Selain empat macam perlaku ketika berhadapan dengan lawan negosiasi, ada juga strategi menghadapi konflik yang pasti terjadi dalam setiap negosiasi. Menurut Pruit dan Robin, strategi menghadapi konflik tersebut adalah sebagai berikut :
• Contending : cara ini adalah cara pemecahan masalah secara win – lose solution, yaitu dengan menyelesaikan masalah tanpa memperdulikan kepentingan pihak lain.
• Problem Solving : yaitu menyelesaikan masalah dengan memperdulikan kepentingannya sendiri dan pihak lain. Individu akan berinisiatif melakukan pemecahan masalah dengan negosiasi untuk mengatasi konflik. Solusi diarahkan pada agar kedua pihak dapat sepenuhnya mencapai tujuan dan mengatasi ketegangan dan perasaan negatif antara kedua pihak. Motivasi yang berkembang adalah untuk berkolaborasi.
• Yielding: yaitu dengan mengalah, menurunkan aspirasinya sendiri dan bersedia menerima ‘kurang’ dari yang sebenarnya diinginkan. Motivasi yang berkembang adalah keinginan untuk menyerah
• Forcing : Mengunakan Kekuasaan untuk menyelesaikan masalah.
• Inaction : yaitu dengan diam, tidak melakukan apapun. Masing-masing pihak saling menunggu tindakan pihak lain.

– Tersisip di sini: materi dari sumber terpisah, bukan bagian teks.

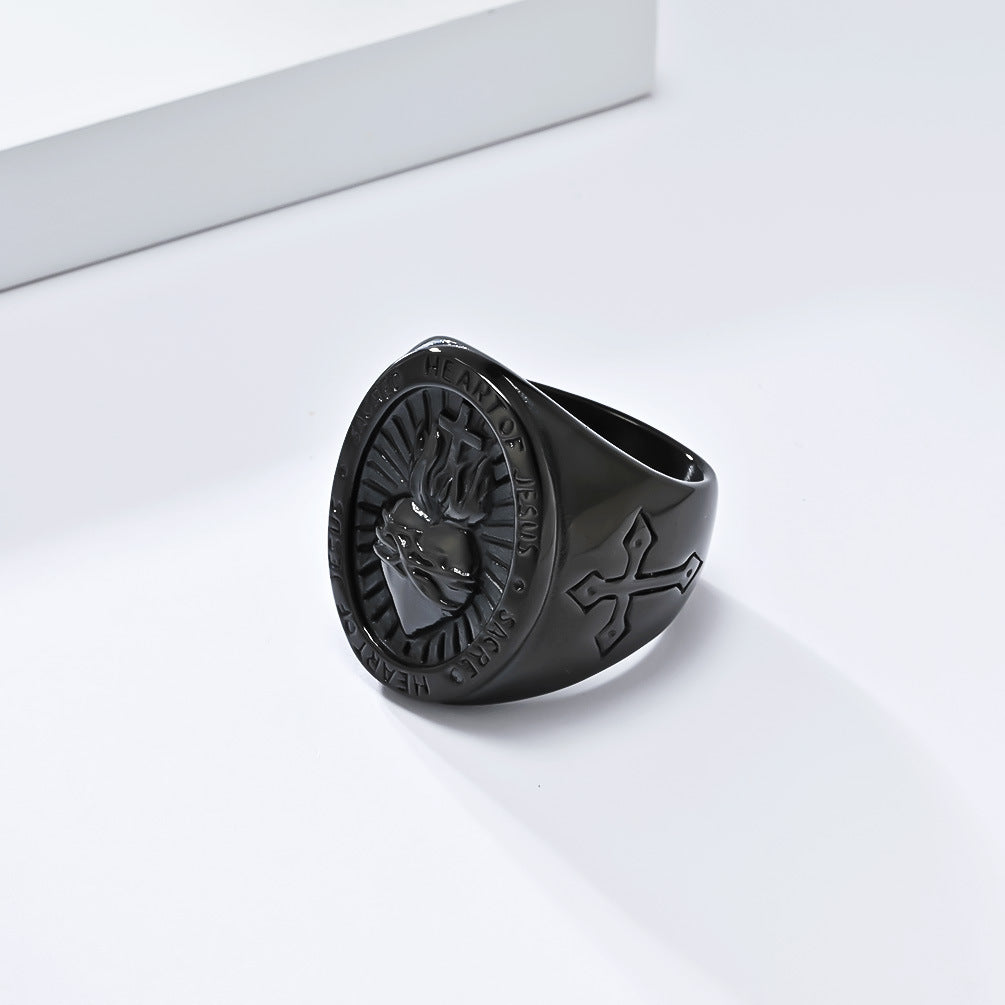 Titanium Steel Cross Ring for Men with Heart Design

• Withdrawing: yaitu dengan menarik diri, memilih meninggalkan situasi konflik, baik secara fisik maupun psikologis.
Sama seperti perilaku asertif yang menjadi andalan untuk mendapatkan kesepakatan dalam bernegosiasi, strategi problem solving juga memiliki fungsi yang sama. Strategi problem solving ini juga saya pakai untuk memecahkan masalah yang sudah saya ceritakan di atas. Saya tidak ingin menggunakan strategi withdrawing untuk kabur dari masalah. Karena saya tidak ingin status saya menggantung, jadi masalah itu harus segera diselesaikan agar tidak ada pihak yang merasa dirugikan terlalu lama.
Kebanyakan orang yang terlibat dalam negosiasi tidak menyukai konflik dan sering kali tidak mengetahui cara mengatasinya ketika benar-benar muncul. Mereka menganggap konflik hanya membuang waktu dan menjadi penghalang bagi upaya penyelesaian tugas. Namun, masalah utama yang timbul adalah konflik akan bertambah buruk jika diabaikan atau tidak ditangani dengan baik. Mmeskipun demikian, menangani konflik bisa menjadi proses kreatif dengan hasil yang positif, yaitu solusi dan hubungan yang lebih baik.